-- Provided records follows --

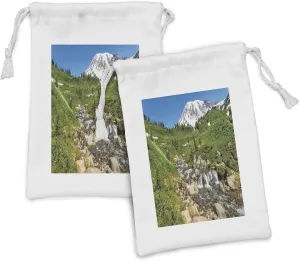 Ambesonne Travel Fabric Pouch Set of 2, View of Edith Creek Mount Rainier National Park Calming Setting for a Vacation, Small Drawstring Bag for Toiletries Masks and Favors, 9" x 6", Multicolor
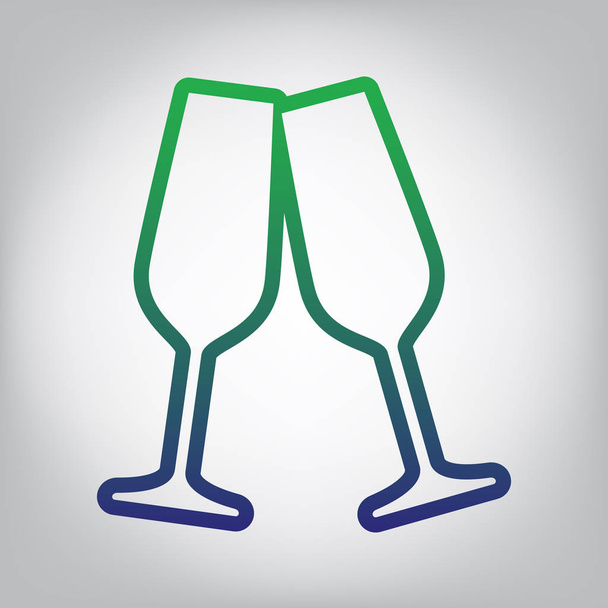 Sparkling champagne glasses. Vector. Green to blue gradient contour icon at grayish background with light in center. - Vector, Image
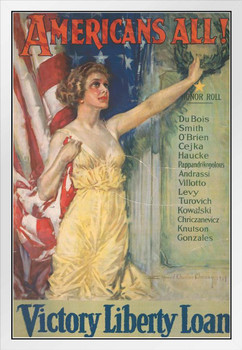 WPA War Propaganda Americans All Victory Liberty Loan WWII Motivational White Wood Framed Poster 14x20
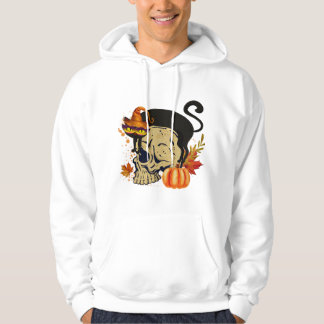 T- Shirt Black Cat och Human Skeleton Halloween Hoodie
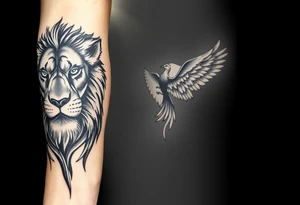 Lion face-on at forearm. phoenix face-on spreading wings evenly and rising from ashes into night sky and Leo zodiac tattoo idea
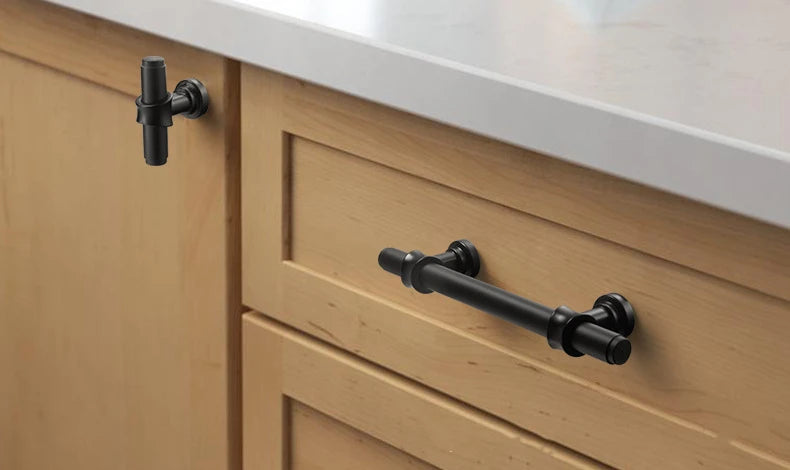 Modern Simple Black Handles for Furniture Wardrobe Cabinet Europe American Drawer Knob Hardware Kitchen Cabinet Handles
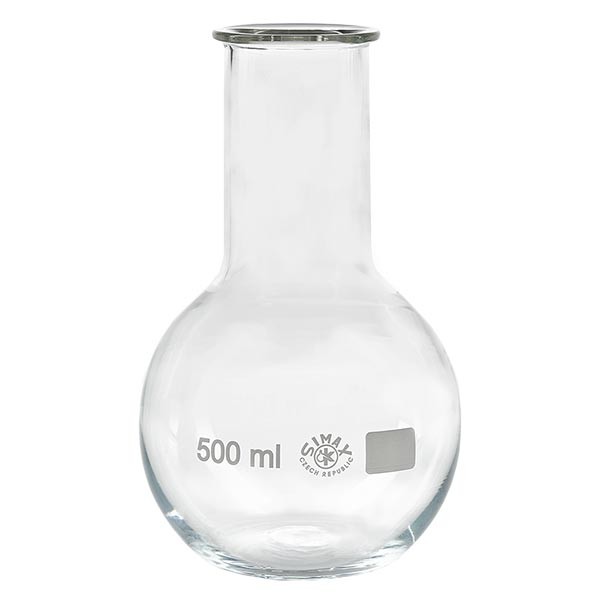 Platbodem kolf 500ml wijde hals borosilicaat met afgeronde rand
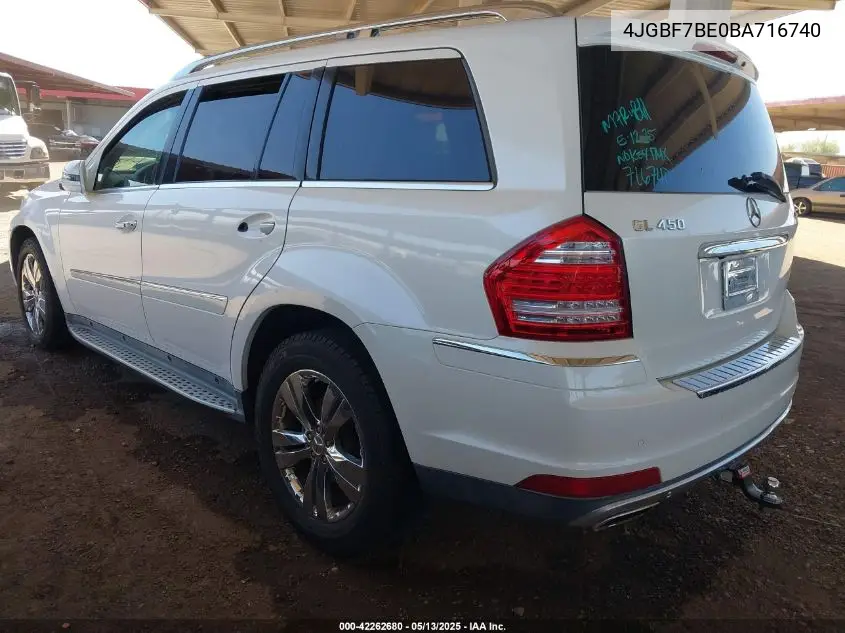2011 Mercedes-Benz Gl 450 4Matic VIN: 4JGBF7BE0BA716740 Lot: 42262680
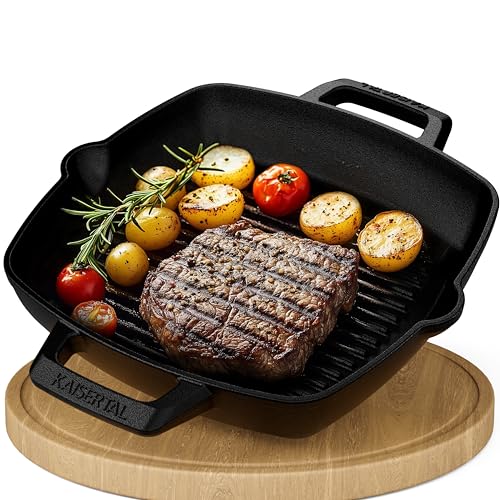 KAISERTAL Grillpfanne Gusseisen 26cm – Steakpfanne & Gusspfanne Induktion – Gusseisenpfanne Grill für Gasgrill & Backofen – Eisenpfanne Outdoor & Indoor – Cast Iron Pan Skillet von K KAISERTAL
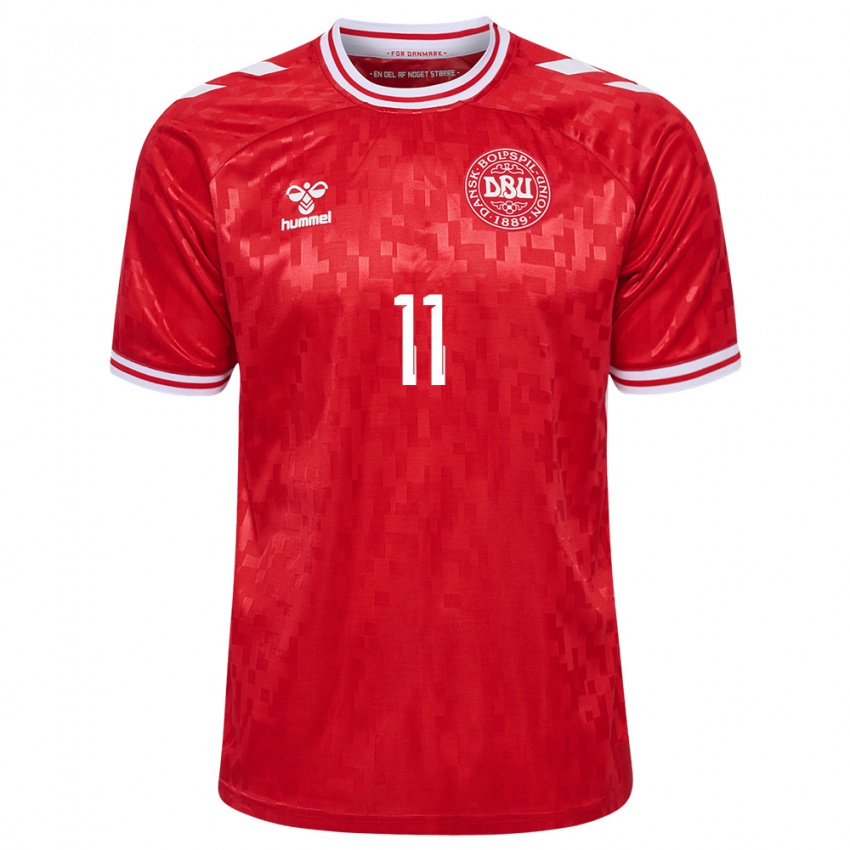 Damen Dänemark Katrine Veje #11 Rot Heimtrikot Trikot 24-26 T-Shirt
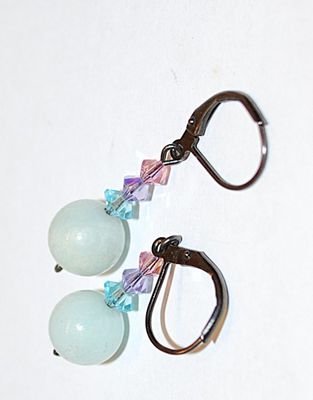 Simple Dangle Globe & Beads EARRINGS Set with Black SNAP Clasp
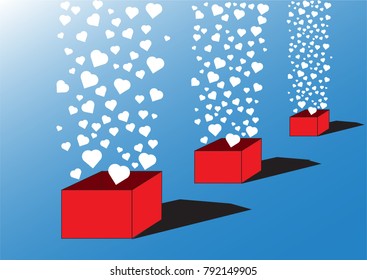 Valentine concept = fill heart in box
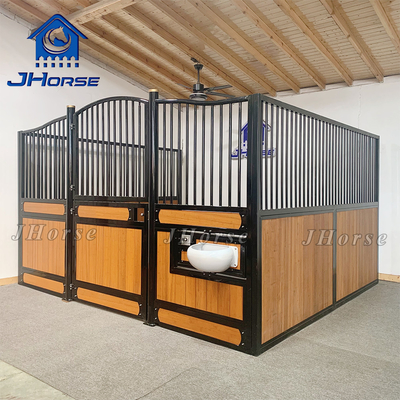 Customized Welded Weave Steel Horse Stall With Bamboo Filling Wood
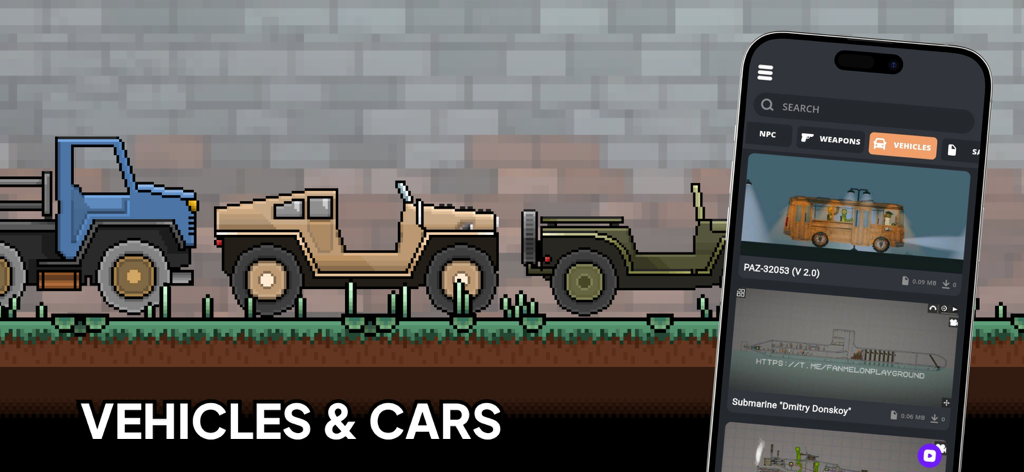 Interface do aplicativo de mod Melon Playground mostrando um catálogo de addons de veículos e carros em estilo pixel art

-- Provided records concluded --

Activity
Leave out the pictures and output every record above precisely as given.

Result of the exercise
 Ambesonne Travel Fabric Pouch Set of 2, View of Edith Creek Mount Rainier National Park Calming Setting for a Vacation, Small Drawstring Bag for Toiletries Masks and Favors, 9" x 6", Multicolor
 Sparkling champagne glasses. Vector. Green to blue gradient contour icon at grayish background with light in center. - Vector, Image
 WPA War Propaganda Americans All Victory Liberty Loan WWII Motivational White Wood Framed Poster 14x20
 T- Shirt Black Cat och Human Skeleton Halloween Hoodie
 Lion face-on at forearm. phoenix face-on spreading wings evenly and rising from ashes into night sky and Leo zodiac tattoo idea
 Modern Simple Black Handles for Furniture Wardrobe Cabinet Europe American Drawer Knob Hardware Kitchen Cabinet Handles
 Platbodem kolf 500ml wijde hals borosilicaat met afgeronde rand
2011 Mercedes-Benz Gl 450 4Matic VIN: 4JGBF7BE0BA716740 Lot: 42262680
 KAISERTAL Grillpfanne Gusseisen 26cm – Steakpfanne & Gusspfanne Induktion – Gusseisenpfanne Grill für Gasgrill & Backofen – Eisenpfanne Outdoor & Indoor – Cast Iron Pan Skillet von K KAISERTAL
 Damen Dänemark Katrine Veje #11 Rot Heimtrikot Trikot 24-26 T-Shirt
 Simple Dangle Globe & Beads EARRINGS Set with Black SNAP Clasp
 Valentine concept = fill heart in box
 Customized Welded Weave Steel Horse Stall With Bamboo Filling Wood
 Interface do aplicativo de mod Melon Playground mostrando um catálogo de addons de veículos e carros em estilo pixel art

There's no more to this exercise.